Scan buffercache for a table

Started by Aminalmost 3 years ago4 messages
#1Amin
amin.fallahi@gmail.com

Hi,

I am looking for function calls to scan the buffer cache for a table and
find the cached pages. I want to find out which pages are cached and which
of them are dirty. Having the relation id, how can I do that? I have gone
through bufmgr.c and relcache.c, but could not find a way to get
relation-specific pages from the buffer cache.

Thank you!

#2Justin Pryzby
pryzby@telsasoft.com
In reply to: Amin (#1)
Re: Scan buffercache for a table

On Mon, Jan 30, 2023 at 06:01:08PM -0800, Amin wrote:

Hi,

I am looking for function calls to scan the buffer cache for a table and
find the cached pages. I want to find out which pages are cached and which
of them are dirty. Having the relation id, how can I do that? I have gone
through bufmgr.c and relcache.c, but could not find a way to get
relation-specific pages from the buffer cache.

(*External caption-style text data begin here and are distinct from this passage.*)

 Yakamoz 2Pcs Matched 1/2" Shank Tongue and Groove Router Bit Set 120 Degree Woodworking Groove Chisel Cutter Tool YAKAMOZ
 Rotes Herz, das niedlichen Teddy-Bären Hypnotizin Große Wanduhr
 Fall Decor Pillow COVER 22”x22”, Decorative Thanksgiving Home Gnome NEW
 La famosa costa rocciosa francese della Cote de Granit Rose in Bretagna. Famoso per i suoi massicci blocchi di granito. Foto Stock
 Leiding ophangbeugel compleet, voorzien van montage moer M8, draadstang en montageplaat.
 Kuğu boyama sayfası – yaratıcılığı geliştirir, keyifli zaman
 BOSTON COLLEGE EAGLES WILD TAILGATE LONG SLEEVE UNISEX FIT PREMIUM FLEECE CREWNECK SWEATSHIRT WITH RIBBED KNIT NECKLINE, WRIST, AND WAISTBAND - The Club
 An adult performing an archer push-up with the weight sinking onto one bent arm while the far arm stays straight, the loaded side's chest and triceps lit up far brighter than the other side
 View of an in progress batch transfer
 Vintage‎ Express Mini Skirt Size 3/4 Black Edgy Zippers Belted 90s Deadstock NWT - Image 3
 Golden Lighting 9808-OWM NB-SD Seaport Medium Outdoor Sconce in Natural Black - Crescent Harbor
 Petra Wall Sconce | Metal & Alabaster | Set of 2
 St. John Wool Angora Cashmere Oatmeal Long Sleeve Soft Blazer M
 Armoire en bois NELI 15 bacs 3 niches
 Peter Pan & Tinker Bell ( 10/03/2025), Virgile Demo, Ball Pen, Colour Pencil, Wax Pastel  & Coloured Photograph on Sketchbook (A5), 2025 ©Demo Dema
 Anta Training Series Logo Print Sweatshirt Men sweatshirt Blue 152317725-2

This looks like a re-post of the question you asked on Jan 13:
CAF-KA8_axSMpQW1scOTnAQx8NFHgmJc6L87QzAo3JezLiBU1HQ@mail.gmail.com
It'd be better not to start a new thread (or if you do that, it'd be
better to mention the old one and include its participants).

On Fri, Jan 13, 2023 at 05:28:31PM -0800, Amin wrote:

Hi,

Before scanning a relation, in the planner stage, I want to make a
call to
retrieve information about how many pages will be a hit for a specific
relation. The module pg_buffercache seems to be doing a similar thing.

The planner is a *model* which (among other things) tries to guess how
many pages will be read/hit. It's not expected to be anywhere near
accurate.

pg_buffercache only checks for pages within postgres' own buffer cache.
It doesn't look for pages which are in the OS page cache, which require
a system call to access (but don't require device I/O).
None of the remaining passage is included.